The celebs endlessly plod through their contrived business projects, with their two-bit gaffes and minor-league bickering, before they traipse into the Donald's boardroom to meet their maker, and the real fun begins.
Joining the above-mentioned octet are David Cassidy, Lil Jon, Mark McGrath, John Rich, Marlee Matlin, Lisa Rinna, Niki Taylor, and Dionne Warwick.
Don't worry if you don't recognize all the names. Nobody can. The cast will be identified on the show. Except for Warwick, you can usually divide the buildup by a factor of 3 or 4.
NBC has a million problems, chief of which is very few popular programs in prime time, leaving time to fill. Nowhere else in the world would Celebrity Apprentice run two hours every week (including more than half an hour of commercials).
Sunday, the celebrities are charged with running pizza shops.
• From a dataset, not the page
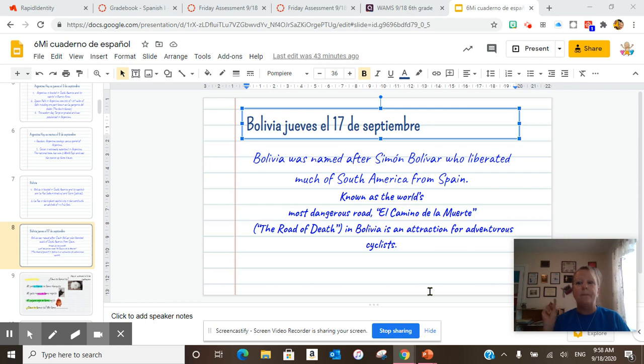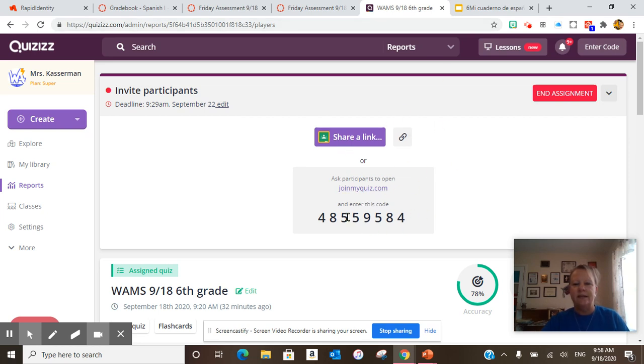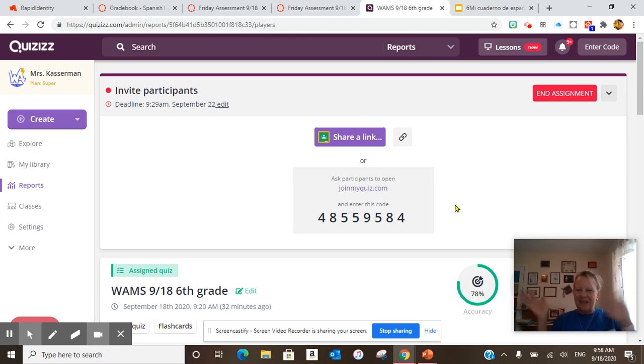If you get a chance, make sure to look up the video. The last thing we did was our Friday assessment, and this is the code. You go to joinmyquiz.com and enter this code, and you have until Tuesday night to complete it before this assignment ends.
Former supermodel Taylor turns out to be a proficient piemaker, Warwick has trouble manning the cash register, and (wouldn't you know it?) former View blabbermouth Jones tries to run everything by herself.
On the male side, Busey, a noted Hollywood lunatic who was Oscar-nominated a million years ago for The Buddy Holly Story, makes such a spectacle of himself that, even with two hours, the show pays attention to only one other aspect of the process.
That would be the consummate personal-control stylings of the first Survivor winner, Richard Hatch, who cuts the diminutive Cassidy from the herd and beats him down psychologically.
Will it pay off, or will Hatch be the first to hear the celebrated Trump line "You're fired"?
If you tuned in a little before 10:30, you could catch all the boardroom action, including a striking outburst ('roid rage?) by hulking former major leaguer Canseco, and find out.
That just might be the best way to watch Celebrity Apprentice 4 every week.